# New Female from Thailand



## andakin (Aug 10, 2009)

My Black Orchid CT female finally arrived today!

Here is what the fish is supposed to look like:









This is the fish i got:









I'm fairly certain its the same fish; opinions? Hopefully she will regain her color in a couple of days. Nonetheless, I love her.


----------



## CodeRed (Jun 11, 2009)

She's gorgeous!! Wow... I'm incredibly jealous! xD


----------



## Jynx (Jul 25, 2009)

Looks like she might have the bloat- they may have fed her a bunch before shipping. If thats what happened it might take a few days for the bloat to go down. 
But yeah this is a nice looking little fish- I'm sure once she's settled in she'll go dark again and look awesome!


----------



## andakin (Aug 10, 2009)

Most breeders know better and starve the fish for a couple of days before shipping. I don't think shes constipated because shes been having regular bowel movements. If anything, she is full of eggs.


----------



## dramaqueen (Jul 7, 2008)

I think she's full of eggs.
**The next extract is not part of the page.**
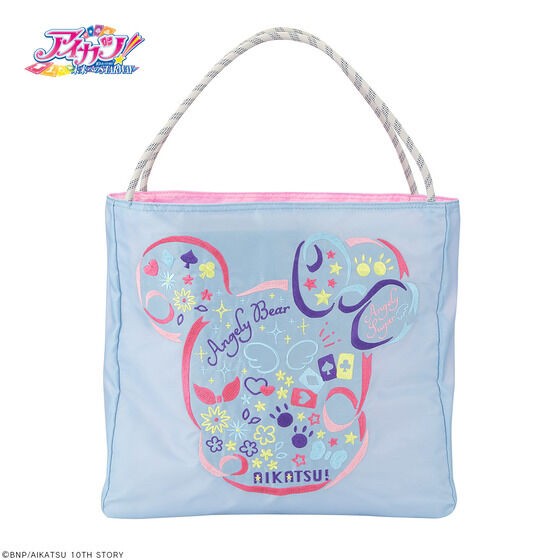 PRE-ORDER : ONOFFY FREE x Aikatsu! Embroidery Bag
She should color up once she settles down in her new home. She's beautiful!!!


----------



## doggyhog (Apr 30, 2009)

I'm drooling all over my keyboard....  I love her.....!


----------



## AngelicScars (May 5, 2009)

She is very pretty. I agree with the above, I think her color will come in nicely once she is settled.


----------



## Lynn08 (Jul 31, 2009)

Beautiful!!!!


----------



## Jynx (Jul 25, 2009)

ewww eggs! lol
once i saw a vet show where an iguana had to have surgery because she was full of eggs and they weren't coming out! poor iguana!


----------



## andakin (Aug 10, 2009)

lol. i hope that isnt the case for me. my other female betta looked like this at one point too. it eventually released all the eggs because it didnt spawn.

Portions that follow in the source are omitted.